Short web captions

--------------------------------------------------

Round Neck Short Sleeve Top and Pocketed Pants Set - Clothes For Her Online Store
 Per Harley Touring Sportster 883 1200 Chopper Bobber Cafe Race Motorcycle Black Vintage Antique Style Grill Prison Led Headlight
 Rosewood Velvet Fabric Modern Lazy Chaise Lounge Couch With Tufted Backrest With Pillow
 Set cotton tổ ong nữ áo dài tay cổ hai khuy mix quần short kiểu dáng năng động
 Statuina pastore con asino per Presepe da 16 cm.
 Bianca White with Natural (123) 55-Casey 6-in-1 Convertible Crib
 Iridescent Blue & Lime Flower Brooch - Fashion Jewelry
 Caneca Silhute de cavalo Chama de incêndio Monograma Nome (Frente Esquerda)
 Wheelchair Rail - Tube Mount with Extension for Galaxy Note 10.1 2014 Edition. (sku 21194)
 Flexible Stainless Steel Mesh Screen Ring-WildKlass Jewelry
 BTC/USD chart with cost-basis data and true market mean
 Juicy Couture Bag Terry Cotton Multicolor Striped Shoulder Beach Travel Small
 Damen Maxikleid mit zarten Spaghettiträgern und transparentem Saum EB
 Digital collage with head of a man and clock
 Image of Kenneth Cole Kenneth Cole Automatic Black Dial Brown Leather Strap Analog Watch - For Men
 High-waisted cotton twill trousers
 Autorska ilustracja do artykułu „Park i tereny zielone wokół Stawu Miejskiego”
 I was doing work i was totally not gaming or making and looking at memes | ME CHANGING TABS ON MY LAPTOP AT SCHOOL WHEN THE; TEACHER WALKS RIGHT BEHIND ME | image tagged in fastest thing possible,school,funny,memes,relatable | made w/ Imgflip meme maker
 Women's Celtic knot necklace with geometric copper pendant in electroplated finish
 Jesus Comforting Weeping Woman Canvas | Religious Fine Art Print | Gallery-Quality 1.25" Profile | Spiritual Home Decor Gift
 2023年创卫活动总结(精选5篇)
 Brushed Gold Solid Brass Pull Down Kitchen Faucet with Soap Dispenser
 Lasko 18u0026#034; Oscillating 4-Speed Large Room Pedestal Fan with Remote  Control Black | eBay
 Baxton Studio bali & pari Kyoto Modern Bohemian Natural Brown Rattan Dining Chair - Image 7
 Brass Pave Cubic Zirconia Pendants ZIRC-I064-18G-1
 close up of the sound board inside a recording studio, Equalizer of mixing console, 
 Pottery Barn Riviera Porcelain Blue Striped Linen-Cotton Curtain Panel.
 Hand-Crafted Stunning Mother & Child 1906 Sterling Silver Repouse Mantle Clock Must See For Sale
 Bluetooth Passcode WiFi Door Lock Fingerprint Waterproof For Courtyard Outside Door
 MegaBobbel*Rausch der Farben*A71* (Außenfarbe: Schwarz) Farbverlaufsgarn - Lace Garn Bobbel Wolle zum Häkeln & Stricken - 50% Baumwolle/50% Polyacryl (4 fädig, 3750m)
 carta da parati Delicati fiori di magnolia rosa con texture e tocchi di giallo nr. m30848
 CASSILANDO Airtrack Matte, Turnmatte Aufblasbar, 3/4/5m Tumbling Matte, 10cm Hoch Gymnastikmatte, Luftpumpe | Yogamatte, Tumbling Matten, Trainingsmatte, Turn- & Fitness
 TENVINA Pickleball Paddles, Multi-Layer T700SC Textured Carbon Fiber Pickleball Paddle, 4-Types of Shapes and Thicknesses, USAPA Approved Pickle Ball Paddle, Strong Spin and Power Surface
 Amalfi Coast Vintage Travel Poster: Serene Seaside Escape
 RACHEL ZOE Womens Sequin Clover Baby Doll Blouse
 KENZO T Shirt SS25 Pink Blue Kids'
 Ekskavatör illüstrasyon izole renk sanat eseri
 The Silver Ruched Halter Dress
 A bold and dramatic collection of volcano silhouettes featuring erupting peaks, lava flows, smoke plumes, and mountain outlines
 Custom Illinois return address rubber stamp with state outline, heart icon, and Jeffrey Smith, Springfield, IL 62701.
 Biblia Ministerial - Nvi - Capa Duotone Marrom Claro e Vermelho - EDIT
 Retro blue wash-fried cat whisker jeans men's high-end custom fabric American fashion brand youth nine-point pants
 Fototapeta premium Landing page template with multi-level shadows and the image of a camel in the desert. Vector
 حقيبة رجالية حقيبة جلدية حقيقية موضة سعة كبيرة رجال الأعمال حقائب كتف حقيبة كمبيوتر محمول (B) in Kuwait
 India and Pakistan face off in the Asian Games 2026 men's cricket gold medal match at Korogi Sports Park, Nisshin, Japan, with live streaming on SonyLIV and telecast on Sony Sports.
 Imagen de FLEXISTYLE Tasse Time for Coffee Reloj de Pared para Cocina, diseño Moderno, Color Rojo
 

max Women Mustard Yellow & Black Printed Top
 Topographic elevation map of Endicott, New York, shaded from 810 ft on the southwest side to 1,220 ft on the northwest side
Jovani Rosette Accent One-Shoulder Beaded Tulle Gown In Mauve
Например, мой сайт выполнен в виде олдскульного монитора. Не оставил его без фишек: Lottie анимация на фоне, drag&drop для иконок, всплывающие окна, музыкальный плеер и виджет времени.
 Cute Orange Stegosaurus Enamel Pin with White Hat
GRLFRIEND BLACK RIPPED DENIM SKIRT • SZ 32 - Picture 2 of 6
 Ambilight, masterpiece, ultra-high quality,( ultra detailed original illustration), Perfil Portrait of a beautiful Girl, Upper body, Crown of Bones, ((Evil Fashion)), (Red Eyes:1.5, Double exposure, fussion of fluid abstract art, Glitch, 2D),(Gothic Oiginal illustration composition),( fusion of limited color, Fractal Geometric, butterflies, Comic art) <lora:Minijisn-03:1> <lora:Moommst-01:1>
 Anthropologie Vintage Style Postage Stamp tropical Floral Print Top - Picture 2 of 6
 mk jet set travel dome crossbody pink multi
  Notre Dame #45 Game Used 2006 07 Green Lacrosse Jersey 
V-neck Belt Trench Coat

--------------------------------------------------

● WORK TO COMPLETE
In full and without change, transcribe every line of the records above.

● YOUR RESPONSE
Round Neck Short Sleeve Top and Pocketed Pants Set - Clothes For Her Online Store
 Per Harley Touring Sportster 883 1200 Chopper Bobber Cafe Race Motorcycle Black Vintage Antique Style Grill Prison Led Headlight
 Rosewood Velvet Fabric Modern Lazy Chaise Lounge Couch With Tufted Backrest With Pillow
 Set cotton tổ ong nữ áo dài tay cổ hai khuy mix quần short kiểu dáng năng động
 Statuina pastore con asino per Presepe da 16 cm.
 Bianca White with Natural (123) 55-Casey 6-in-1 Convertible Crib
 Iridescent Blue & Lime Flower Brooch - Fashion Jewelry
 Caneca Silhute de cavalo Chama de incêndio Monograma Nome (Frente Esquerda)
 Wheelchair Rail - Tube Mount with Extension for Galaxy Note 10.1 2014 Edition. (sku 21194)
 Flexible Stainless Steel Mesh Screen Ring-WildKlass Jewelry
 BTC/USD chart with cost-basis data and true market mean
 Juicy Couture Bag Terry Cotton Multicolor Striped Shoulder Beach Travel Small
 Damen Maxikleid mit zarten Spaghettiträgern und transparentem Saum EB
 Digital collage with head of a man and clock
 Image of Kenneth Cole Kenneth Cole Automatic Black Dial Brown Leather Strap Analog Watch - For Men
 High-waisted cotton twill trousers
 Autorska ilustracja do artykułu „Park i tereny zielone wokół Stawu Miejskiego”
 I was doing work i was totally not gaming or making and looking at memes | ME CHANGING TABS ON MY LAPTOP AT SCHOOL WHEN THE; TEACHER WALKS RIGHT BEHIND ME | image tagged in fastest thing possible,school,funny,memes,relatable | made w/ Imgflip meme maker
 Women's Celtic knot necklace with geometric copper pendant in electroplated finish
 Jesus Comforting Weeping Woman Canvas | Religious Fine Art Print | Gallery-Quality 1.25" Profile | Spiritual Home Decor Gift
 2023年创卫活动总结(精选5篇)
 Brushed Gold Solid Brass Pull Down Kitchen Faucet with Soap Dispenser
 Lasko 18u0026#034; Oscillating 4-Speed Large Room Pedestal Fan with Remote  Control Black | eBay
 Baxton Studio bali & pari Kyoto Modern Bohemian Natural Brown Rattan Dining Chair - Image 7
 Brass Pave Cubic Zirconia Pendants ZIRC-I064-18G-1
 close up of the sound board inside a recording studio, Equalizer of mixing console, 
 Pottery Barn Riviera Porcelain Blue Striped Linen-Cotton Curtain Panel.
 Hand-Crafted Stunning Mother & Child 1906 Sterling Silver Repouse Mantle Clock Must See For Sale
 Bluetooth Passcode WiFi Door Lock Fingerprint Waterproof For Courtyard Outside Door
 MegaBobbel*Rausch der Farben*A71* (Außenfarbe: Schwarz) Farbverlaufsgarn - Lace Garn Bobbel Wolle zum Häkeln & Stricken - 50% Baumwolle/50% Polyacryl (4 fädig, 3750m)
 carta da parati Delicati fiori di magnolia rosa con texture e tocchi di giallo nr. m30848
 CASSILANDO Airtrack Matte, Turnmatte Aufblasbar, 3/4/5m Tumbling Matte, 10cm Hoch Gymnastikmatte, Luftpumpe | Yogamatte, Tumbling Matten, Trainingsmatte, Turn- & Fitness
 TENVINA Pickleball Paddles, Multi-Layer T700SC Textured Carbon Fiber Pickleball Paddle, 4-Types of Shapes and Thicknesses, USAPA Approved Pickle Ball Paddle, Strong Spin and Power Surface
 Amalfi Coast Vintage Travel Poster: Serene Seaside Escape
 RACHEL ZOE Womens Sequin Clover Baby Doll Blouse
 KENZO T Shirt SS25 Pink Blue Kids'
 Ekskavatör illüstrasyon izole renk sanat eseri
 The Silver Ruched Halter Dress
 A bold and dramatic collection of volcano silhouettes featuring erupting peaks, lava flows, smoke plumes, and mountain outlines
 Custom Illinois return address rubber stamp with state outline, heart icon, and Jeffrey Smith, Springfield, IL 62701.
 Biblia Ministerial - Nvi - Capa Duotone Marrom Claro e Vermelho - EDIT
 Retro blue wash-fried cat whisker jeans men's high-end custom fabric American fashion brand youth nine-point pants
 Fototapeta premium Landing page template with multi-level shadows and the image of a camel in the desert. Vector
 حقيبة رجالية حقيبة جلدية حقيقية موضة سعة كبيرة رجال الأعمال حقائب كتف حقيبة كمبيوتر محمول (B) in Kuwait
 India and Pakistan face off in the Asian Games 2026 men's cricket gold medal match at Korogi Sports Park, Nisshin, Japan, with live streaming on SonyLIV and telecast on Sony Sports.
 Imagen de FLEXISTYLE Tasse Time for Coffee Reloj de Pared para Cocina, diseño Moderno, Color Rojo
 

max Women Mustard Yellow & Black Printed Top
 Topographic elevation map of Endicott, New York, shaded from 810 ft on the southwest side to 1,220 ft on the northwest side
Jovani Rosette Accent One-Shoulder Beaded Tulle Gown In Mauve
Например, мой сайт выполнен в виде олдскульного монитора. Не оставил его без фишек: Lottie анимация на фоне, drag&drop для иконок, всплывающие окна, музыкальный плеер и виджет времени.
 Cute Orange Stegosaurus Enamel Pin with White Hat
GRLFRIEND BLACK RIPPED DENIM SKIRT • SZ 32 - Picture 2 of 6
 Ambilight, masterpiece, ultra-high quality,( ultra detailed original illustration), Perfil Portrait of a beautiful Girl, Upper body, Crown of Bones, ((Evil Fashion)), (Red Eyes:1.5, Double exposure, fussion of fluid abstract art, Glitch, 2D),(Gothic Oiginal illustration composition),( fusion of limited color, Fractal Geometric, butterflies, Comic art) <lora:Minijisn-03:1> <lora:Moommst-01:1>
 Anthropologie Vintage Style Postage Stamp tropical Floral Print Top - Picture 2 of 6
 mk jet set travel dome crossbody pink multi
  Notre Dame #45 Game Used 2006 07 Green Lacrosse Jersey 
V-neck Belt Trench Coat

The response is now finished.